Sep 12, 2002 23:22
This journal entry is taking me forever, mostly because I started out trying to write a short story, which eventually evolved into the free-form poetry you see below. Actually, I’m not an English major and have no idea whether or not what I’ve written below counts as free-form poetry, or indeed any kind of poetry at all, but that’s the term that I’m going to use, seeing as how it’s not really arranged in any sort of a discernable pattern, but exists just as a block of text. Philosophical rants like this might become a regular feature around here, or this might be the only one I ever do - if you’re reading this, drop me a line and let me know what you think. Seriously, I’d really like some feedback on whatever the hell it is I’m doing here.
My parents informed me just today they’ve begun reading my journal entries, which to be honest, makes me feel a little more nervous about everything I write. Don’t get me wrong, I love my parents, but my creative writing is typically a little darker and more cynical than what most people like to read, and so having someone that close to you read your work can be scary.

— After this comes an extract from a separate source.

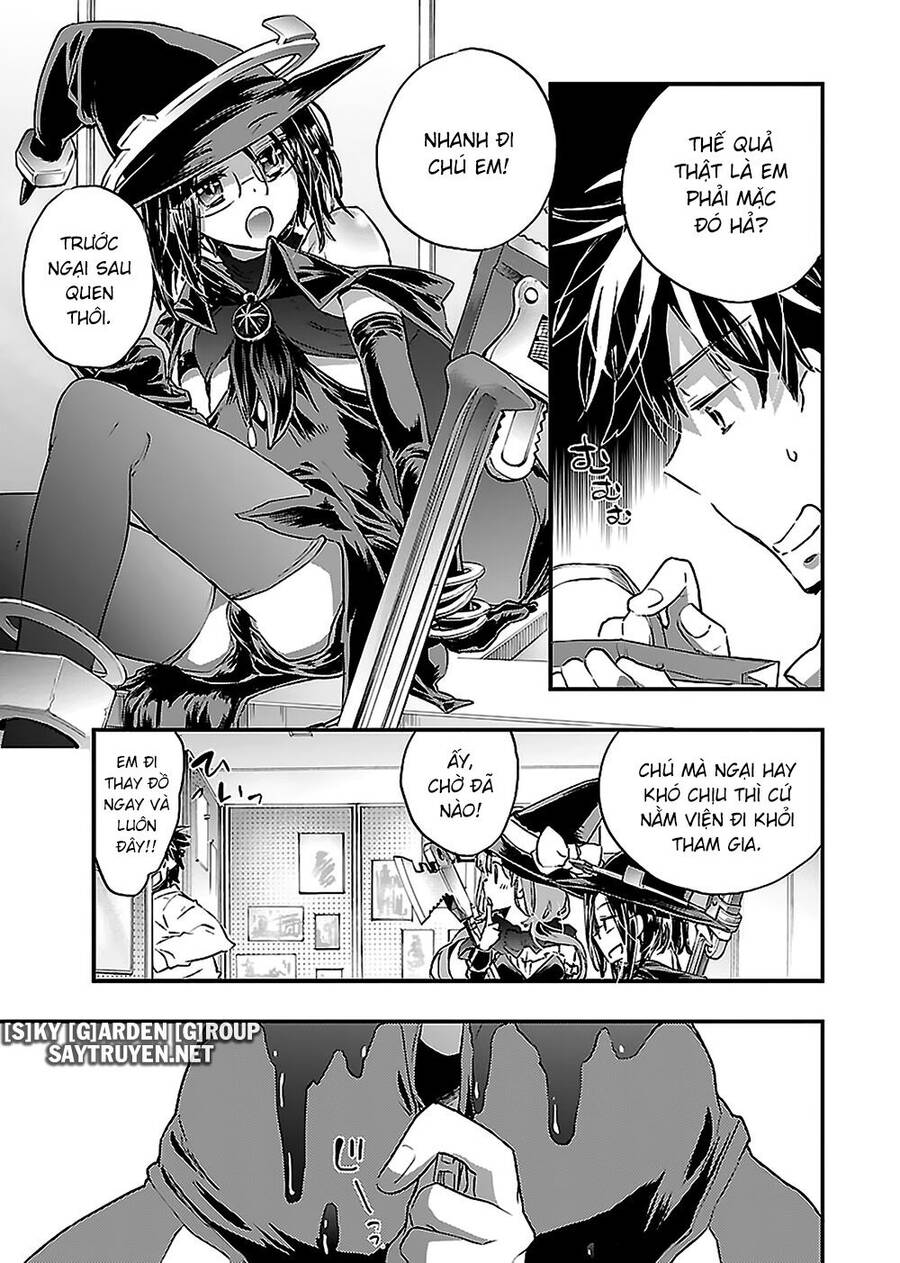 Onna No Ko Ga H-Na Manga Egaicha Dame Desuka Chapter 16 - 7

Here’s the above-mentioned poem, which was supposed to be part of a short story I may end up writing one of these days:
It is a seldom acknowledged but bittersweet fact of life that during moments of almost unbearable fear and anxiety one’s mind feels as though it is being drowned in boiling water, and the most peculiar memories, long believed to have been faded beyond recognition, come bubbling to the surface with a vividness of detail and immediate importance as though they were being relived in the present time. The recollections were never of any necessity to the horrific situation at hand - they were merely the result of the brain grasping at straws, looking for any means of flight from reality - and thus the moments were dismissed as soon as they had returned to their original owner, to be cast aside for new, more pressing concerns. Like friends returning just in time for the death of a loved one, they had come home to find themselves unneeded - the comfort that they could provide only a distraction, a red herring to events that took precedence over all else.